Produced by Anderson, Baumbach’s semi-autobiographical comedy-drama focuses on the Reagan-era split between falling author Daniels and rising writer Laura Linney, and how it affects the couple’s brainy progeny, precocious teen Jesse Eisenberg and troubled child Owen Kline. Having inherited many of Daniels’ most obnoxious qualities, especially his haughty academic elitism, Eisenberg sides with his father in the split. Meanwhile, his little brother throws in his lot with their good-hearted but philandering mother Linney, who infuriates Daniels further by taking up with a dopey tennis pro (a revelatory William Baldwin) who definitely falls on the philistine side of the divide.

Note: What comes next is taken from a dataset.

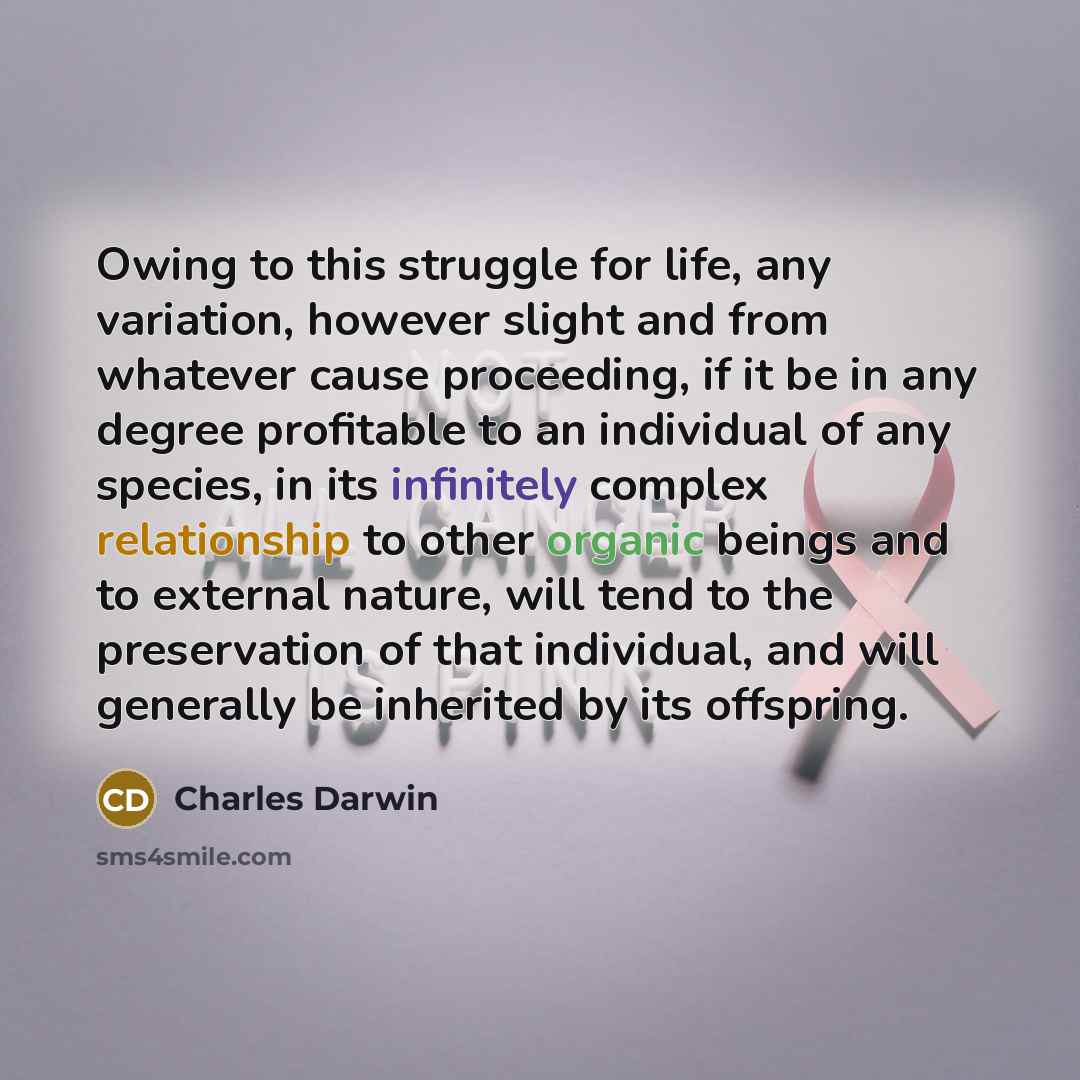 “Owing to this struggle for life, any variation, however slight and from whatever cause proceeding, if it be in any degree profitable to an individual of any species, in its infinitely complex relationship to other organic beings and to external nature, will tend to the preservation of that…” quote by Charles Darwin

Emotionally pitched somewhere between anguished sobs and bitter laughter, The Squid And The Whale is funny at times, but it never sacrifices verisimilitude for laughs. Eschewing the twee, sometimes precious stylization of Anderson’s movies, Baumbach creates scenes that feel ripped wholesale from the most agonizing moments of his young life. It’s an unflinchingly raw and honest look at a family splitting apart, and it seldom strikes an unconvincing or inauthentic note. Though it surveys rocky adolescent emotional terrain from the safe distance of adulthood, The Squid And The Whale still resonates with the sting of a fresh wound.